封氏点点云娇杏的鼻子:“小妮子,咱们姐儿才五岁,说这些还早呢。”

倒霉了八年,云娇杏感觉自己要时来运转了。

上辈子大约投胎时忘了喝孟婆汤,导致她带着上辈子的记忆投了胎。这辈子的投胎技术虽然没有上辈子的好,但总归运气不错,虽然被几经转手,最后在知府的带领下她来到了现在的主家。

主家姓甄。甄家在本地也是望族,主家更是积善的人家,从不苛待下人。
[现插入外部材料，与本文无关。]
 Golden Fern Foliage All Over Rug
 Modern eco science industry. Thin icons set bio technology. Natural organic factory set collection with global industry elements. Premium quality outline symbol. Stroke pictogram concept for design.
只是主家运道不太好,人到中年了也没个一儿半女的。

许是霉运终于走了,云娇杏这回运道不错,刚到甄家的第二天,甄夫人封氏老蚌生珠,查出已有了一个月的身孕。

甄家夫妇直道是云娇杏带来的好运,而知府又说过,她据说是弃婴出身,在拐子手里受了八年磋磨,好不容易逃了出来。知府颇有请人好好善待的意思,甄家夫妇本是良善人,便问过云娇杏有没有名字后,决心赏云娇杏一个名字。
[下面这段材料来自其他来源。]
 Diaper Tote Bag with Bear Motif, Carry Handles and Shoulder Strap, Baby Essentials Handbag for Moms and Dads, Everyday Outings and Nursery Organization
彼时云娇杏正因为大仇得报,心中戾气骤然宣发,忽然失去了人生的目标正倍感迷茫,又对一个新的社会环境没有安全感,战战兢兢,见封氏面善便存了心讨好封氏,便说只记得姓云,其余什么都不记得了。

那时正好是春天,园子里的杏花正开得红火。

封氏笑道:“我这儿有一个名字,你且听听合不合你的心意。娇杏,如何?”

甄家老爷甄费一听便知说的外面杏花开得不错,捻须笑道:“不错。难得‘可巧’与039侥幸039二词,希望你以后就算遇难也能成祥。”
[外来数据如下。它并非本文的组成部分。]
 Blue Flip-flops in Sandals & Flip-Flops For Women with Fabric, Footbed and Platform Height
云娇杏扬起小脸笑得灿烂,一如外面开得灿烂的杏花,心中明白,这便是过了关,且在老板心里留下了一个不错的印象。

彼时云娇杏十岁,已穿越了八年。挣扎八年,方才有了一个安身之所。从此以后,她便是云娇杏了。至于以前叫什么,已经不重要了。她的生活已经开启了新的篇章。

又过了八个月,封氏终于在折腾了一夜以后诞下一天生眉心自带一枚胭脂痣的女儿,甄费喜得大把撒钱,又去隔壁的葫芦庙里添了许多香油钱,乐得台上的“真佛”都挣开了一只眼。

封氏才生产,就算家里添了一个乳母,一面要照顾产妇,一面又要照顾新鲜出炉的甄家姐儿,甄府里人手便显得有些不足了。

封氏在这八个月里也看出云娇杏的性子了,与知府说的有勇有谋竟然十分相同,是个十分稳重的,做事也有章法,交代的事情无有不妥,便想着待她出月子后再买几个人伺候。只是现今却只能让她先去姐儿那边照顾一阵了。